Many baby boomers and their children still believe the folklore of the 1960s and '70s that marijuana can't be addictive, because it's just an herb. But several decades of research clearly show that what we believed 40 years ago is wrong. Marijuana addiction is common.
About 9 percent of people who smoke marijuana even once become addicted to it, and that figure approximately doubles when people begin using the drug as adolescents. To prevent addiction from spreading, Washington voters should not legalize marijuana and should reject Initiative 502 on the Nov. 6 ballot.
Marijuana addiction statistics are similar to the percentage of people who become alcoholics. Rates of marijuana dependence rise to 20 to 30 percent when people use it at least five times, and 35 to 40 percent for those who use marijuana daily. Marijuana dependence is the most common type of drug dependence in the United States, besides alcohol and tobacco.

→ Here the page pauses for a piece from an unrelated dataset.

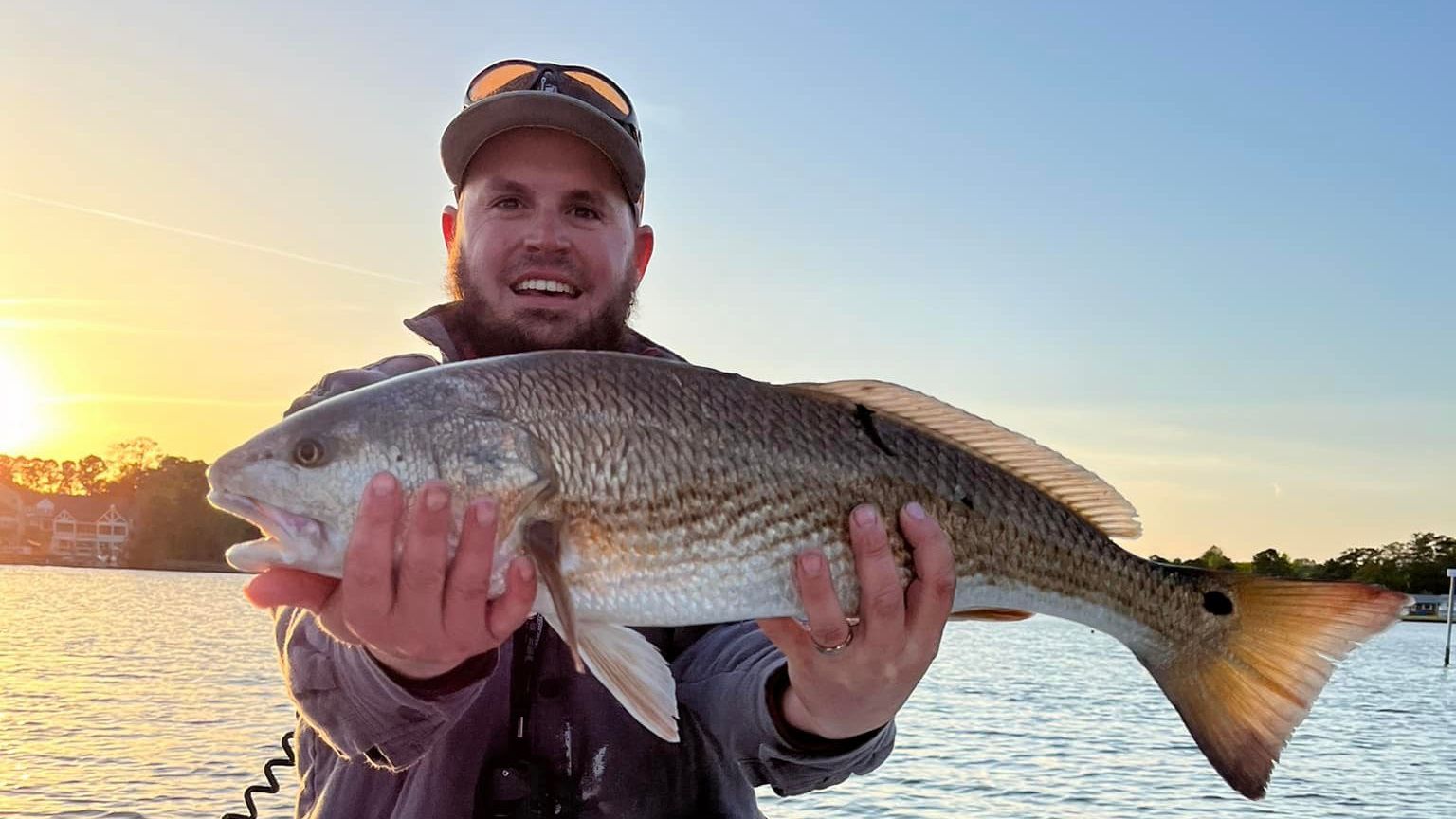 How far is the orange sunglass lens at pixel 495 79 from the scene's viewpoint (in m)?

As doctors who have practiced addiction medicine for decades, we're seeing unprecedented levels of marijuana addiction today. Treatment admissions for marijuana-use disorders have dramatically increased, accounting for 18 percent of admissions in 2010, higher than for heroin, methamphetamine, cocaine and prescription painkillers. We attribute rising marijuana addiction to increases in use and the astounding rise in marijuana potency -- more than 760 percent higher than in the 1960s.

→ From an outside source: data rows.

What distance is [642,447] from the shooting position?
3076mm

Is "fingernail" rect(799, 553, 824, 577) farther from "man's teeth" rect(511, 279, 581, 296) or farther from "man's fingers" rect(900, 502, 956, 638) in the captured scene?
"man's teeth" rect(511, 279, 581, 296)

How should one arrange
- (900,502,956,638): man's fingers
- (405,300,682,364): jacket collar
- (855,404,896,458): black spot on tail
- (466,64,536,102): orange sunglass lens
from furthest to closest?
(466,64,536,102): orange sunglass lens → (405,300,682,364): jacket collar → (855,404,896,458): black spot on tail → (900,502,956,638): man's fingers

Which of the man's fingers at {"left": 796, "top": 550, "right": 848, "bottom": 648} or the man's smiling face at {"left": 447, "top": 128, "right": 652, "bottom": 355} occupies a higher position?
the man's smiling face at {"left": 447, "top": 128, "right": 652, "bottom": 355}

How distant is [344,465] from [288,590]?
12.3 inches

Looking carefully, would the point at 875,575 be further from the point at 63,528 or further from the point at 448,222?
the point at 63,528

The neurobiology of marijuana dependence is well understood through recent research. But the symptoms of marijuana dependence are the most convincing evidence. The main indicators of dependence are withdrawal symptoms, unsuccessful attempts to control use, increased tolerance and using larger amounts of the drug or for a longer time than intended. All of these have been measured in people with marijuana dependence. Laboratory studies of brain responses reveal neurochemical changes from marijuana withdrawal similar to other dependence-producing drugs.

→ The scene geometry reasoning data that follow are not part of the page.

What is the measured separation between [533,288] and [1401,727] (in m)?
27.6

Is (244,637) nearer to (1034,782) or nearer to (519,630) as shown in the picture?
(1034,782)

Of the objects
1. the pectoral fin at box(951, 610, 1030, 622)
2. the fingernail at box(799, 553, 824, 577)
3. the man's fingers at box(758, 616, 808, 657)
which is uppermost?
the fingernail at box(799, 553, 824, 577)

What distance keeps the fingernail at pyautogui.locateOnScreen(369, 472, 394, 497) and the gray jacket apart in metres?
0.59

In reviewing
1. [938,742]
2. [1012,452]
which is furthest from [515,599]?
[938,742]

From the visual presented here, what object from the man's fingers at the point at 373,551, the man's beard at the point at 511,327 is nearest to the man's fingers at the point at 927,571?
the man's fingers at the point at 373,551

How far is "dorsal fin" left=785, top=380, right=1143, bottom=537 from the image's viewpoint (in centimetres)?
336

Upon abstinence, daily marijuana smokers experience the same symptoms as when people stop using heroin and cocaine.
The American Society of Addiction Medicine recently issued a white paper outlining our position against marijuana legalization. Our principal objection is that legalization will increase the disease of addiction. We must oppose a massive social experiment that would increase the disease we strive each day to reduce.
Legalization proponents say that addiction and other health problems from legal marijuana could be addressed through heavy taxation to pay for prevention and treatment and regulation to keep it away from kids. That hasn't worked with our two legal drugs -- alcohol and tobacco -- because their powerful industries kill attempts at taxation and regulation.
We often hear legalization proponents argue that alcohol and tobacco cause more addiction and other health problems than marijuana. This is a curious rationale for legalization. If an illegal drug is not causing as many health problems as legal drugs, we should not legalize it so it can cause more health problems. Instead, we should try to reduce the use of all drugs and the health problems they cause.
Addiction isn't the only health problem caused by marijuana use. Recent research also shows that marijuana use is linked to dangerous drugged driving; neurocognitive damage, particularly in young people; and increased rates of anxiety, depression and schizophrenia. Marijuana smoke contains more carcinogens than tobacco.
We know it's hard to admit when we're wrong, but many baby boomers got marijuana wrong, and they've passed their denial of marijuana's dangers on to their children.
Dr. Robert DuPont, left, is a former White House drug chief and former director of the National Institute on Drug Abuse. Dr. Andrea Barthwell is a former deputy director for demand reduction at the Office of National Drug Control Policy.